I scanned Twitter and #prayforboston (trending.) I watched some video footage taken at the scene and read a few news reports online.
I prayed. I sent a tweet to two Boston friends and remembered that one of our newest clients is in Boston. I prayed for him, too.
A couple of hours later, I received an email from a client asking that we remove his scheduled tweets for the remainder of the day. Honestly, his note prompted my first thoughts about how we, as a social media company, could/should respond during times of tragedy, during this tragedy.
After Newtown, my team discussed the issue. Several team members responded quickly to that tragedy, sending notes to clients and encouraging silence or respectful responses on Twitter/Facebook in place of regularly scheduled content.
In retrospect, that event could have prompted me, as a leader, to communicate with our clients about a recommended practice during tragedies.
Chris Brogan, who I trust as it relates to online presence, got into a few scuffles on Twitter yesterday by pushing back on the idea that when tragedy happens in America, companies should stop marketing.
His tweet brought a poignant reminder that tragedy happens every day around the world. Social media channels are powerful because they allow us to connect instantly with people everywhere. And every day, around the world, people’s hearts are breaking. But we continue our lives online with business as usual until tragedy happens close by.
The news from Boston is heartbreaking and devastating and we respond because it is personal to us, close to home. In fact, Chris’ argument only solidifies my perspective and choices during times of tragedy in our country.
When events affect us, we respond. My hope is that when we see our international friends and connections suffering in response to tragedies in their countries, we could respond personally to them in solidarity and support.
Events are not more tragic because they happen in America but they are more personal.
So the question is this: What is a proper response online during times of tragedy? Should a corporate response be different from an individual response? How can we best serve our clients during times like these?
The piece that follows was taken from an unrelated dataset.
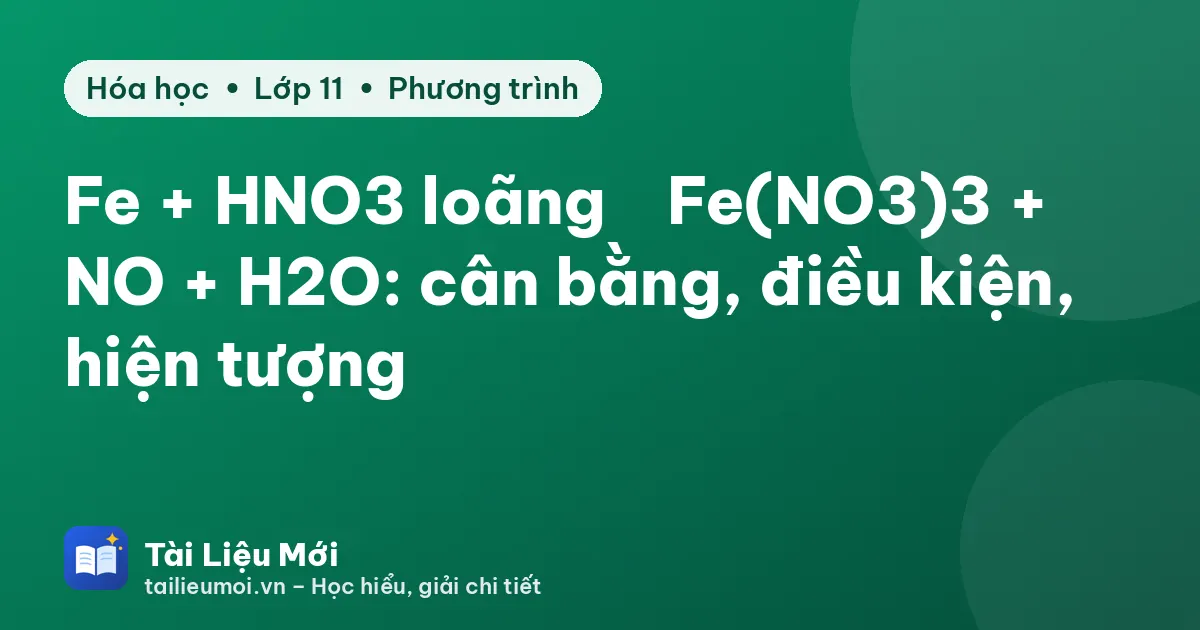 Fe + HNO3 loãng → Fe(NO3)3 + NO + H2O: cân bằng, điều kiện, hiện tượng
The reality is that many of our clients would not have heard the news about Boston (or any other breaking news) until several hours after the fact. The reality is that we schedule/automate some content to help our clients maintain a consistent online presence in the midst of busy travel and work schedules.
The reality is that when tragedy strikes, response must be personal and heartfelt — as team members contracted to support our clients’ online content sharing and influence building, we cannot possibly craft responses to represent each client accurately. To attempt to post on clients’ behalf in response to tragedy, in my opinion, would be disingenuous. We can’t know how they are personally responding to breaking news, nor should we try to do so.
In the absence of knowing how each client could or would respond, we can choose silence on social media channels to be respectful and considerate. Clients can, as they see fit, send out tweets or Facebook updates acknowledging the tragedy with a personal note. Or, we can give our best advice (pause automated content during times of tragedy) and let our clients choose a course of action.
As my friend Lisa Gates so eloquently stated: Turn it off. Be silent for a bit.